Каждая группа из состава высших кругов умножает свой общий престиж за счет престижа, приобретаемого ее членами в этих различных сферах деятельности, и увеличение общественного веса одних ее членов повышает общественный вес других. Их представление о себе формируется под воздействием этой механики взаимообмена и накопления престижа; и потому любой из них, какой бы скромной ни казалась порой его личная роль, все же чувствует себя "рупором" или "олицетворением" высших кругов - человеком "крупного калибра".

Такая внутренняя уверенность в себе является, возможно, одним из компонентов того, что мы называем способностью "судить и вершить".

Наиболее важными организациями, объединяющими различные высшие круги, являются, пожалуй, сами корпорации, ибо в советах директоров крупнейших корпораций мы обнаруживаем постоянное соприкосновение между членами различных элит. Другую, менее важную линию таких интенсивных связей мы наблюдаем вдобавок на курортах, летних и зимних, где она выступает в виде сложной сети переплетающихся между собой кружков; с течением времени каждый здесь вступает в знакомство с каждым - а если не с ним лично, то во всяком случае с кем-нибудь из его прямых или косвенных знакомых.
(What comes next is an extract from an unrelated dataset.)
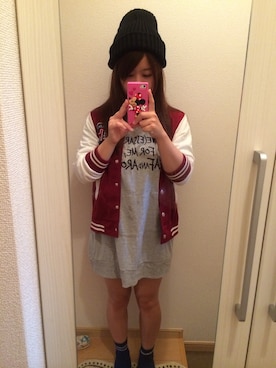 「one way（ワンウェイ）のアイテム（ニットキャップ/ビーニー）」を使った、たかぴよさん（レディース・147cm）の冬コーディネート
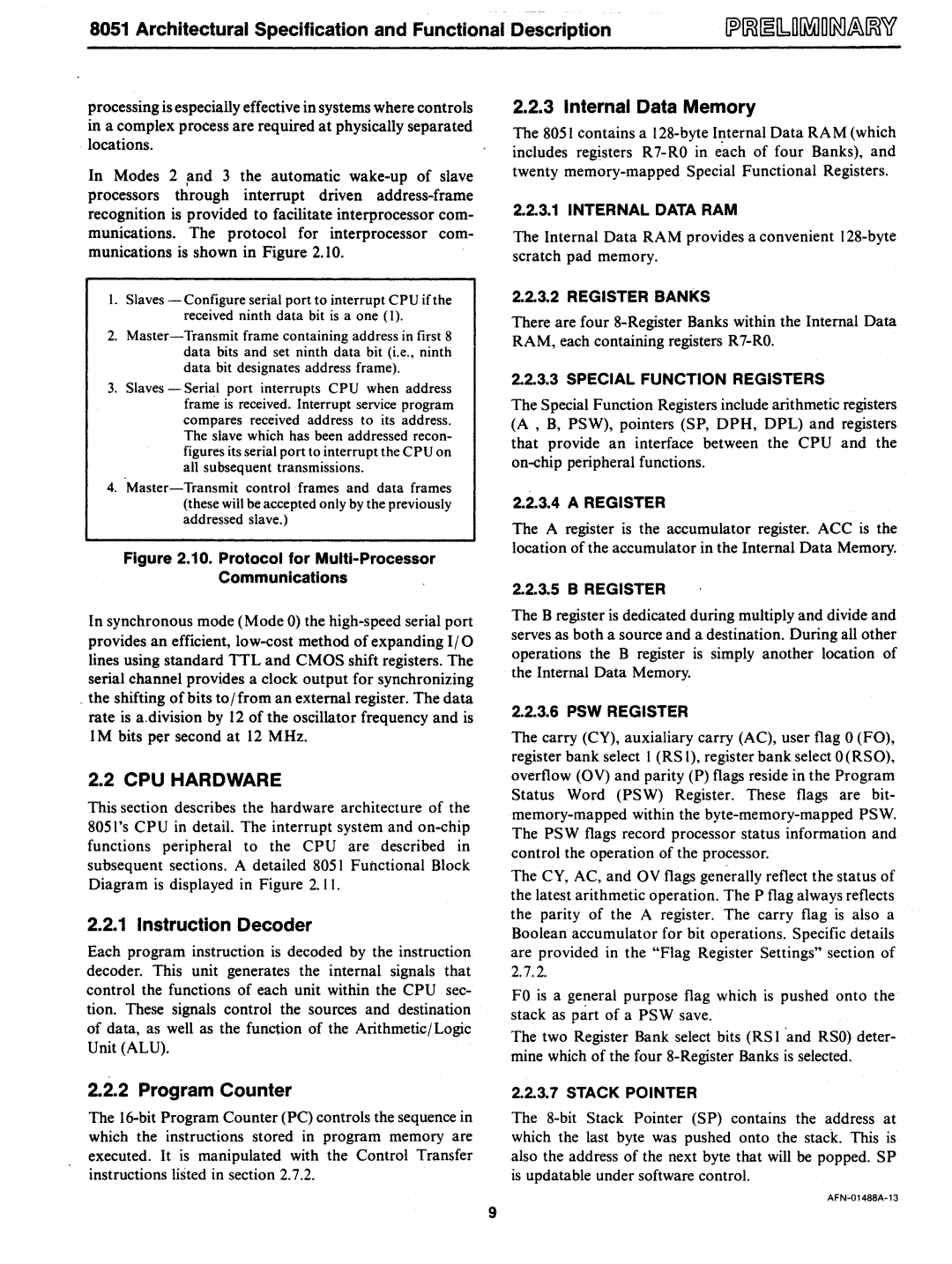 Intel 8051 manual Instruction Decoder, Program Counter, Internal Data Memory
Высокопоставленные представители военных, экономических и политических кругов умеют легко улавливать точку зрения партнера из другого круга, причем делают это всегда в духе сочувствия, а нередко и в духе полного понимания. Они рассматривают друг друга как людей, обладающих крупным весом, с которыми, следовательно, надо считаться. В вопросах чести, совести и морали каждый из них, как член властвующей элиты, полностью и органически приемлет взгляды, чаяния и оценки других ее членов. То обстоятельство, что у них нет общих идеалов и норм, базирующихся на ясно выраженной аристократической культуре, не означает, что у них вообще нет чувства взаимной ответственности.
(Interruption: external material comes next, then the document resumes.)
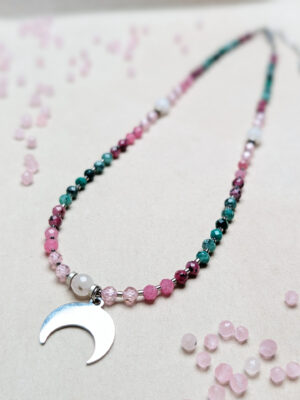 PXL_20251201_205654573.PORTRAIT Zoisyt z Rubinem Malachit Cyrkonia Różowa Kwarc Różowy Hematyt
Совпадение их интересов, обусловленное всеми структурными особенностями современного американского общества, а также многообразные психологические факты, коренящиеся в их образовании и воспитании, в их карьерах и связях, порождают духовное сродство, существующее между ними, - ту общность, которая позволяет им говорить друг о друге: "Это, безусловно, наш человек". И все это ведет нас к пониманию фундаментального психологического значения классового самосознания. Нигде в Америке мы не встретим столь резко выраженного "классового самосознания", как среди элиты; нигде оно не приобретает столь действенную форму, как среди властвующей элиты. Ибо под классовым самосознанием, как психологическим явлением, мы подразумеваем, что отдельный представитель "класса" относится благосклонно лишь к тем, к кому относятся благосклонно люди его круга, то есть люди, мнение которых имеет существенное значение для его представления о самом себе.

В кругах властвующей элиты существуют, бесспорно, отдельные фракции; там, несомненно, возникают политические разногласия и столкновения на почве личного честолюбия. Внутри республиканской партии, равно как и между республиканцами и демократами, имеется еще достаточное число значительных расхождений, чтобы формировать разные линии практической политики. Но духовное единство и общность интересов, связывающие воедино властвующую элиту даже через границы воюющих стран, являются более могущественным фактором, чем эти расхождения.